Cardio Flashcards
what is brady+tachy-cardia
Brady <60bpm, tachy >100bpm
what causes acute bradycardia
drug induced = B blocker, CCB
sinus/AV nodal disease
electrolyte abnormalities = hyperK
hypothyroidism
how does bradycardia present
syncope
dizzy, tired
according to ALS, what is the management of bradycardia
DR ABCDE approach - ECG monitoring, treat reversible cause (stop specific drug)
if due to B-blocker/CCB overdose = give glucagon
if heamodynamic instability = IV atropine 500mcg (repeat upto 6 times till 3mg)
if not working, use isoprenaline, adrenaline
definitive treatment = permanent pacemaker
(use transcutaneous pacemaker as an interim)
what is MOA of atropine
blocks vagus nerve activity, so SA firing rate increases
if bradycardia due to B blocker/CCB overdose, what is done
give glucagon (or glycopyrrolate)
how is tachycardia classified
narrow QRS complex <120ms:
irregular rhythm - atrial fib
regular rhythm (SVT) - atrial flutter, AVNRT, WPW (AVRT)
borad complex >120ms:
irregular rhythm - vent fib
regular rhythm - vent tachy (polymorphic VT = torsades)
how is narrow complex tachy managed according to ALS
DR ABCDE approach
determine if broad or narrow QRS complex
determine if regular or irregular rhythm
if haemodynamic instability - shock, syncope, pulmonary oedema, MI = synchronised DC shock
if haemodynamically stable:
irregular (likely AFib) - same management if atrial flutter:
if within 48hr rhythm control (LMWH then flecinaide - if structural heart disease, give amiodarone instead)

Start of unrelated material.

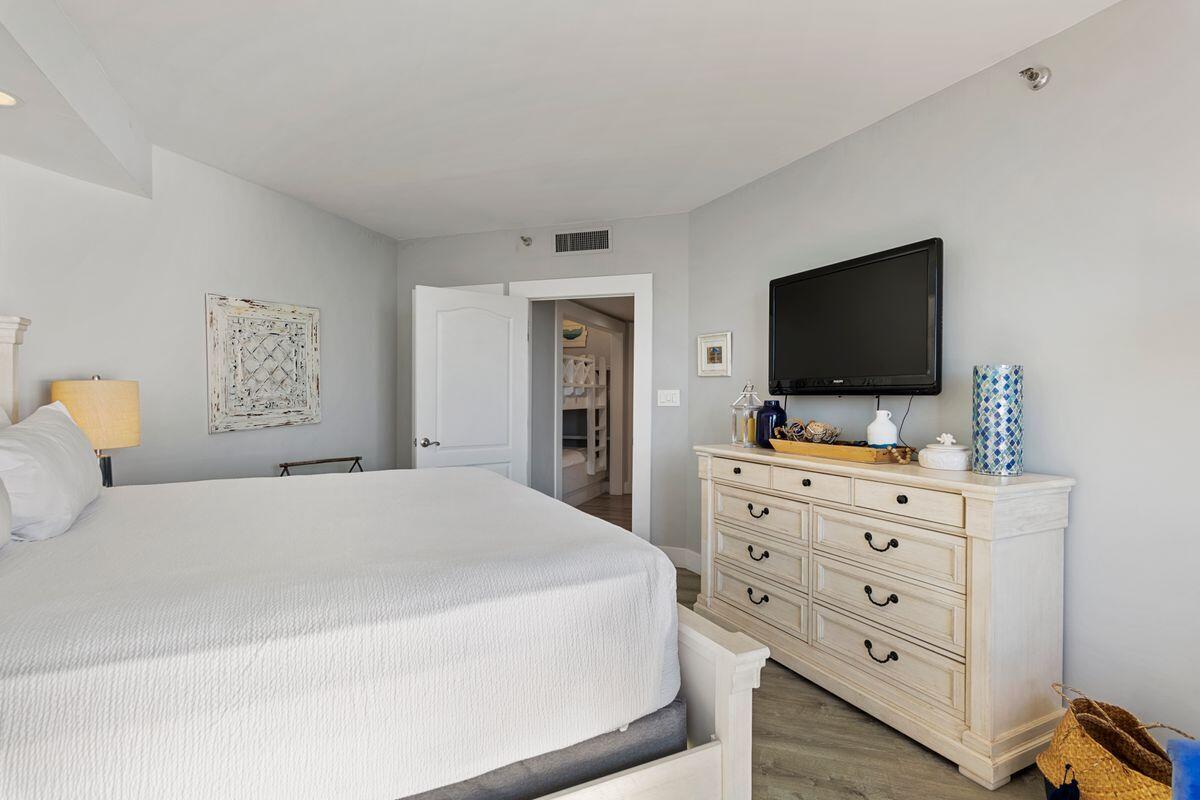 DESTIN SURFSIDE CONDO - Residential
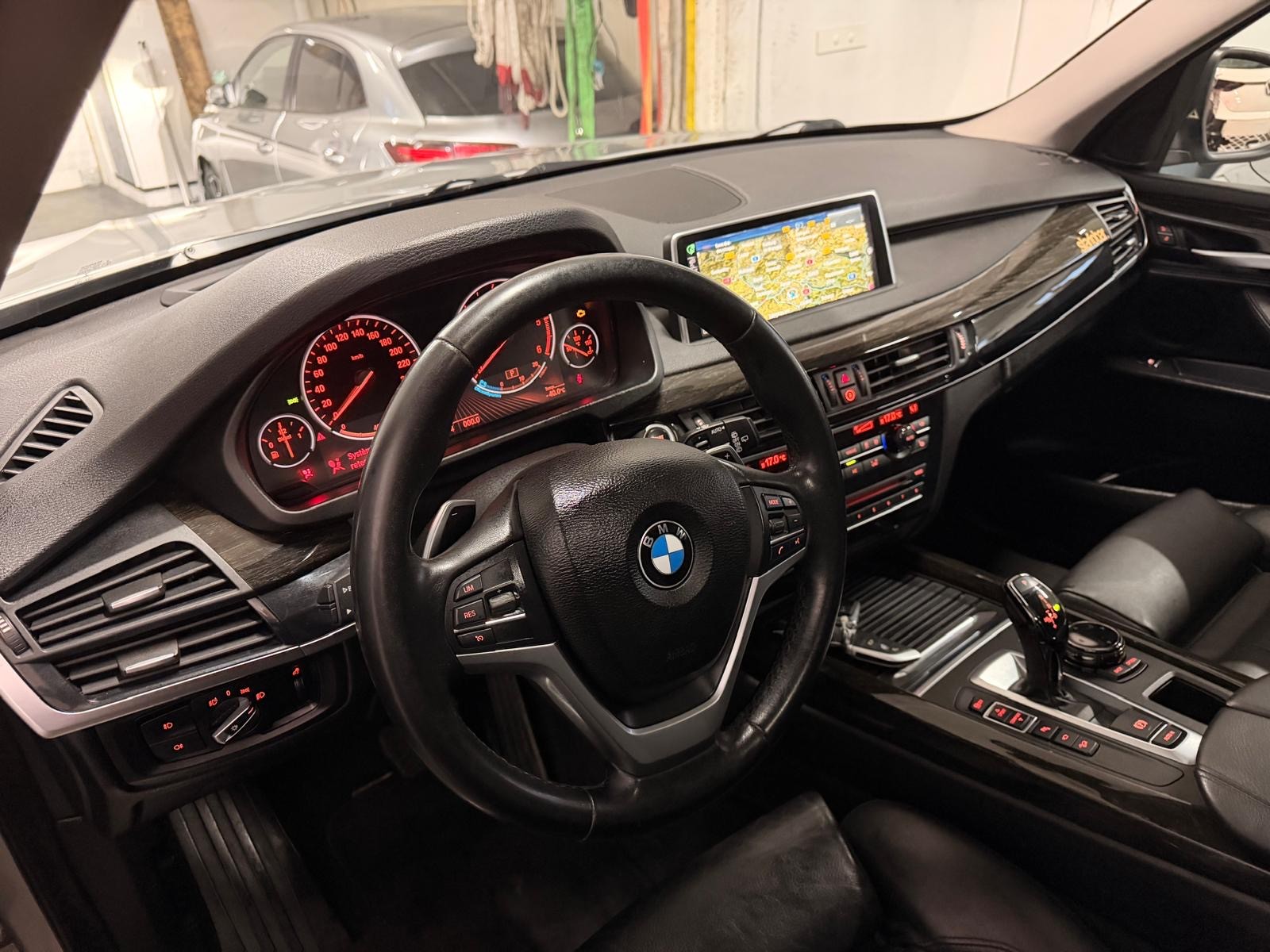 BMW X5 xDrive 40d Steptronic 7 Plätze M-paket-image-8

if 48+hr rate control + anticoagulant (B-blocker, verapamil - if HF give digoxin)
regular (likely SVT)
1 - vagal manoeuvre (carotid sinus massage, vasalva)
2 - IV adenosine 6mg bolus (repeat twice with 12mg then 18mg boluses) - in asthmatics, use verapamil instead as adenosine causes bronchospasm
when to anticoagulant for Afib
if Afib onset 48+hr
anticoagulant with rate control (B-blocker, verapamil/diltiazem)
how are SVT treated
if haemodynamic instability, shock, pulmonary oedema, syncope, MI = synchronised DC shock
if haemodynamically stable:
vagal manœuvres - carotidien sinus massage, vasalva
IV adenosine 6mg, then 12mg and 18mg boluses
what is an irregular broad complex tachy
ventricular fibrillation - always a pulseless rhythm
QRS complexes are polymorphic + irregular
what is VF
arrhythmia occurring in heart ventricles, creates fibrillation waves
always pulseless + broad complex tachy
on ECG - polymorphic QRS, no identifiable P wave, HR 150-500bpm
according to ALS, how is VF managed
DR ABCDE
shockable rhythm - administer unsynchronised DC
continue chest compressions
after 3rd shock, administer 1mg adrenaline (1:10,000) + 300mg amiodarone
continue giving adrenaline after every alternate shock 3-5min
what are ECG features of VT
tachycardia >100bpm
regular rhythm
no P waves
monomorphic broad QRS >120ms
how is VT managed
if pulseless VT = unsynchronised DC shock
continue CPR and recheck
IV adrenaline (1:10,000) + 300mg amiodarone after 3rd shock
administer adrenaline after every alternate shock
if VT with adverse features (shock, syncope, pulmonary oedema, MI)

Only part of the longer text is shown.